There are really three issues in a spousal maintenance application:

  • What are the reasonable needs of the applicant? Note these “needs” can be generously interpreted and are considered in the context of the standard of living enjoyed during the marriage. See Need for maintenance.

  • What is the capacity of the applicant to meet his/her own needs? This is a test of earning capacity, not earnings.

  • What is the capacity of the respondent to contribute to the needs of the applicant once their own reasonable expenses are met?

Spousal maintenance orders are not generally made for the long term, that is, they are made on an interim basis or "until further order". Generally, spousal maintenance orders are made to allow the party in need a period of time to enable that party to re-house themselves, complete a course of study or re-enter the work-force with a view to becoming self-sufficient.

If a long term spouse maintenance application is sought, the court will have regard to the entitlement of that party to property settlement. Often, the result of a final determination of property issues will obviate the need for spousal maintenance. If a final order for spousal maintenance is made, it will, more often than not, be made for a specific period of time (ie two years) (s 75(2)(f) or until the occurrence of a specific event, ie youngest child turning 6 or attending full-time school or the party completing a course of study, commencing paid employment or cohabitating with someone in a marriage like relationship) and not forever.

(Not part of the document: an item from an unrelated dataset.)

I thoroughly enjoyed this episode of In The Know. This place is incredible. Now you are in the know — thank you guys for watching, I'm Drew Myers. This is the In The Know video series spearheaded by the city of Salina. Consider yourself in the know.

An order for spousal maintenance also ceases:

  • upon the death of one of the parties; or

  • upon the re-marriage of the person in receipt of spousal maintenance;

An order for spousal maintenance can take a variety of forms including:

  • periodic payment such as monthly payments;

  • a lump sum payment; or

  • a transfer of property.

Spousal maintenance is not something that is gender specific (ie it is not something which husband must pay to their wives and it can also be paid in same-sex and de facto relationships. It can be paid by either party to the other when the elements required to establish the legal obligation for spousal maintenance are met.

Applications for spousal maintenance must be lodged within 12 months of a divorce being finalised. Only in special circumstances will the court grant leave out of this time period to apply for spousal maintenance.

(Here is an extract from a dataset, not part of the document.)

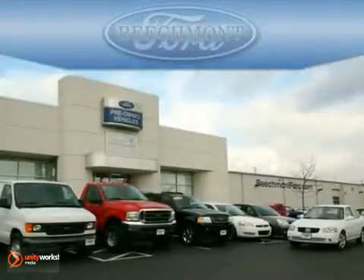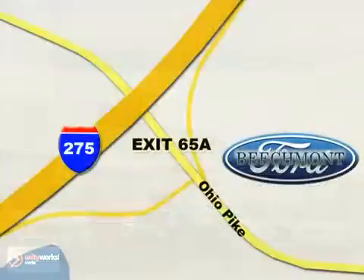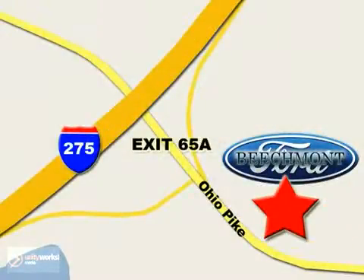Beach Mod Ford — we're a friend in the community. Stop in today. We're easy to find off I-275 at exit 65A, Beach Mod Avenue.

De facto relationships and spousal maintenance

The principles in relation to spousal maintenance also apply to de facto couples who otherwise come within the jurisdiction of the Act. Note that in Western Australia applications for de facto spousal maintenance are made to the Family Court of Western Australia under the Family Court Act 1997 (WA).

An applicant relying on a de facto relationship must make an application within two years of the relationship breakdown in which to apply for de facto spousal maintenance.